**** PROVIDED RECORDS

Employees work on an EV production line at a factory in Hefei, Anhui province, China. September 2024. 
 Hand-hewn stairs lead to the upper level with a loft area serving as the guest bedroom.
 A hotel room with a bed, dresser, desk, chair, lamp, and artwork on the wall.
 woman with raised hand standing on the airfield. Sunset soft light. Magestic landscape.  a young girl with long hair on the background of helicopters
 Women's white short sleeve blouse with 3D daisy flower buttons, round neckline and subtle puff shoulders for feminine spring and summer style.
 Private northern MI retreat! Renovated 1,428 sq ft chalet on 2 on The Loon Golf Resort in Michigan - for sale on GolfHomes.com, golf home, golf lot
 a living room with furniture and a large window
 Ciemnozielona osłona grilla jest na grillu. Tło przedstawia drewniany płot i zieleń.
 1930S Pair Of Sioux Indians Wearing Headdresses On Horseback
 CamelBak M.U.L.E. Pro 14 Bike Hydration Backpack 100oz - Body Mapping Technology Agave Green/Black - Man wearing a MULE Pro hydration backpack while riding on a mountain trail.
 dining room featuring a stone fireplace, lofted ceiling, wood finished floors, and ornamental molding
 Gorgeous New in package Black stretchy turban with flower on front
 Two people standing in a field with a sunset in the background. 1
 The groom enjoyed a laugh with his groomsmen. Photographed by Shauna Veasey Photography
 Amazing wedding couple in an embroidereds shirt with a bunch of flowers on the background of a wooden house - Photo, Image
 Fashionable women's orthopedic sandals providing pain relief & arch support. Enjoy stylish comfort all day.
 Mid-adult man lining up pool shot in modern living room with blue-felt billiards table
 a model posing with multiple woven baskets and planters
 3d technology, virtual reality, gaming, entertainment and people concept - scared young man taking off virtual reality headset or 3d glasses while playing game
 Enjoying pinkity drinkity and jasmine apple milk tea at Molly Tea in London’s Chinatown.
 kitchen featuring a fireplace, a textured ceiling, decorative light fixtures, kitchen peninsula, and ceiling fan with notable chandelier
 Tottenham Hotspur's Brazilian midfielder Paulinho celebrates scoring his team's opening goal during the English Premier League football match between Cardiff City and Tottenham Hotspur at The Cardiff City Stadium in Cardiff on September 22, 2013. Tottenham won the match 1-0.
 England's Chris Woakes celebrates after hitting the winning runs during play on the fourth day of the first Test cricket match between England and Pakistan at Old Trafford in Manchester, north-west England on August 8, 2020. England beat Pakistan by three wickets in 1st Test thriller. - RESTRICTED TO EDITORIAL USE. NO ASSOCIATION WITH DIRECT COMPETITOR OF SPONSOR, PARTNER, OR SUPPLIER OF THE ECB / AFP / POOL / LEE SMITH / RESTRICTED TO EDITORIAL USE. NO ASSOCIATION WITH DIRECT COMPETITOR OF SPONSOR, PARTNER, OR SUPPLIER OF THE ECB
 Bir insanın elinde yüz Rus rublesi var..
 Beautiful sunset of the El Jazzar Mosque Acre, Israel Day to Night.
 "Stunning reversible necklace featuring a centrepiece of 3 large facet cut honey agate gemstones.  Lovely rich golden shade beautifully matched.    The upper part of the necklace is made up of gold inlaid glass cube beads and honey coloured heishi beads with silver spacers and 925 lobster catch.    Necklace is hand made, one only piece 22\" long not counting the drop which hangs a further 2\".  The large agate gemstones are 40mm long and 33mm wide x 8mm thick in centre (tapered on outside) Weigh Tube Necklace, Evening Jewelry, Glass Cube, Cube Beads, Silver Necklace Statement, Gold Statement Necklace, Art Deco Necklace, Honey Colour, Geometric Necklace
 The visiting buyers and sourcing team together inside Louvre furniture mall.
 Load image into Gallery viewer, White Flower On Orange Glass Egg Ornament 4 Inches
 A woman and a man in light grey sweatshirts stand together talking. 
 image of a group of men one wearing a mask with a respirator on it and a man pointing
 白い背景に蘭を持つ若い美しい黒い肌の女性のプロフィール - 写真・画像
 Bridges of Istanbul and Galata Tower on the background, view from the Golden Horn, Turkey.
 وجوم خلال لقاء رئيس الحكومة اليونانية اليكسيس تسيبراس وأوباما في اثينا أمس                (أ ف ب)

********

> TASK
Word for word, restate the lines above from the line containing "Mid-adult man lining" through the line containing "Beautiful sunset of", with both included and nothing else.

> ANSWER FOR THIS EXERCISE
 Mid-adult man lining up pool shot in modern living room with blue-felt billiards table
 a model posing with multiple woven baskets and planters
 3d technology, virtual reality, gaming, entertainment and people concept - scared young man taking off virtual reality headset or 3d glasses while playing game
 Enjoying pinkity drinkity and jasmine apple milk tea at Molly Tea in London’s Chinatown.
 kitchen featuring a fireplace, a textured ceiling, decorative light fixtures, kitchen peninsula, and ceiling fan with notable chandelier
 Tottenham Hotspur's Brazilian midfielder Paulinho celebrates scoring his team's opening goal during the English Premier League football match between Cardiff City and Tottenham Hotspur at The Cardiff City Stadium in Cardiff on September 22, 2013. Tottenham won the match 1-0.
 England's Chris Woakes celebrates after hitting the winning runs during play on the fourth day of the first Test cricket match between England and Pakistan at Old Trafford in Manchester, north-west England on August 8, 2020. England beat Pakistan by three wickets in 1st Test thriller. - RESTRICTED TO EDITORIAL USE. NO ASSOCIATION WITH DIRECT COMPETITOR OF SPONSOR, PARTNER, OR SUPPLIER OF THE ECB / AFP / POOL / LEE SMITH / RESTRICTED TO EDITORIAL USE. NO ASSOCIATION WITH DIRECT COMPETITOR OF SPONSOR, PARTNER, OR SUPPLIER OF THE ECB
 Bir insanın elinde yüz Rus rublesi var..
 Beautiful sunset of the El Jazzar Mosque Acre, Israel Day to Night.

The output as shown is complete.